Background information on civilian low level nuclear waste and defense
waste. (Adapted from http://www.tso.org/govlwv.2.html)

From The Nuclear Waste Primer: A Handbook for Citizens
The League of Women Voters Education Fund,
Lyons & Burford Publishers 1993

"Chapter 4 Civilian Low-level Waste

Civilian low-level radioactive waste results from the use of
radioactive materials in such diverse activities as generating power
by nuclear reactors, conducting medical or biotechnological research,
performing medical examinations and treatment, producing radioactive
chemicals for use in nuclear medicine and research, and controlling
the quality of products being manufactured. Its various forms include
contaminated filters, liquid filter resins, wiping rags, protective
clothing, hand tools, vials, needles, test tubes, animal carcasses,
lab equipment, luminous dials, sealed radiation sources, and internal
components from reactors.

Until the early 1960's, commercial low-level waste was disposed of in
federal disposal facilities. When the federal government closed its
facilities to commercial waste, private companies opened and operated
disposal facilities, some of which encountered problems and closed.
By the late 1970's all low-level waste in the United States was being
shipped for disposal to only three states: Nevada, South Carolina, and
Washington.
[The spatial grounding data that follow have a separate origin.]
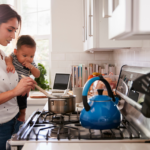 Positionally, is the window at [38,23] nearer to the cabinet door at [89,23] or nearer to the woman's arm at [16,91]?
the cabinet door at [89,23]

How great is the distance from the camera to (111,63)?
2877mm

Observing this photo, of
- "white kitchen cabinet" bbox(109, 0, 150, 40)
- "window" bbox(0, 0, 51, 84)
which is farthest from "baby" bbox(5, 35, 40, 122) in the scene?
"white kitchen cabinet" bbox(109, 0, 150, 40)

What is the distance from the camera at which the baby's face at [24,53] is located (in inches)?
83.0

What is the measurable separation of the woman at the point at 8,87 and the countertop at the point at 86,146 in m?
0.73

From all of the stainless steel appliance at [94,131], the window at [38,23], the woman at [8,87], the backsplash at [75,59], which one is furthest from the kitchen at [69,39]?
the stainless steel appliance at [94,131]

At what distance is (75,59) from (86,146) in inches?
86.2

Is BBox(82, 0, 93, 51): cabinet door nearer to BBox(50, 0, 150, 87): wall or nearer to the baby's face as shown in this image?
the baby's face

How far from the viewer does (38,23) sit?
343 centimetres

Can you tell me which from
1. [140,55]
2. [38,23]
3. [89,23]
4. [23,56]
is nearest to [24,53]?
[23,56]

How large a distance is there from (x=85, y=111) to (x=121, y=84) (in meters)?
0.53

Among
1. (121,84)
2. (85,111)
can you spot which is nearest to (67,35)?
(121,84)

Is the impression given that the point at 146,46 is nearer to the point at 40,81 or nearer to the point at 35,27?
the point at 40,81

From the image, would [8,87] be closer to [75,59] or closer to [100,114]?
[100,114]

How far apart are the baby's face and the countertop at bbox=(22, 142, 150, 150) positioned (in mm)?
1393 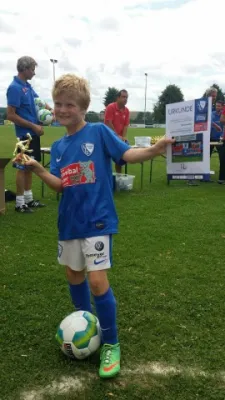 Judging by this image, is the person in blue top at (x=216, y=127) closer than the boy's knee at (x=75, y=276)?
No

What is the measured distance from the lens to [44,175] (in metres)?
2.80

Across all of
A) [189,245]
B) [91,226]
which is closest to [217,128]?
[189,245]

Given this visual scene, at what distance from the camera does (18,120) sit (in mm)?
6719

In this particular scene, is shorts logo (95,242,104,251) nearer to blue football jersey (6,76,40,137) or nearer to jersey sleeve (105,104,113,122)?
blue football jersey (6,76,40,137)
Pressured to make other states share the disposal burden,
Congress passed the Low-Level Radioactive Waste Policy Act in 1980,
making each state responsible for providing disposal capacity for the
commercial Low-Level waste generated within its borders. Congress
amended the act in 1985 to give states more time, but progress still
has been slow. As of the end of 1994, no state or regional group of
states had actually sited, licensed, and constructed a Low-Level waste
disposal facility, though some have tried very hard to do so.

Chapter 6 Defense Waste

For more than 40 years, the U.S. government has designed, produced,
maintained, and dismantled nuclear weapons in a huge industrial
complex of factories and laboratories built mainly in the 1940s and
1950s. Almost all of these aging facilities and their sites are now
contaminated with radioactive and other hazardous wastes. In 1989 DOE
began developing plans to make the weapons complex smaller and more
efficient by closing some facilities, consolidating activities at a
few facilities, and modernizing those few. The department also
initiated a 30 year program to alleviate the health, safety, and
environmental hazards resulting from years of weapons production."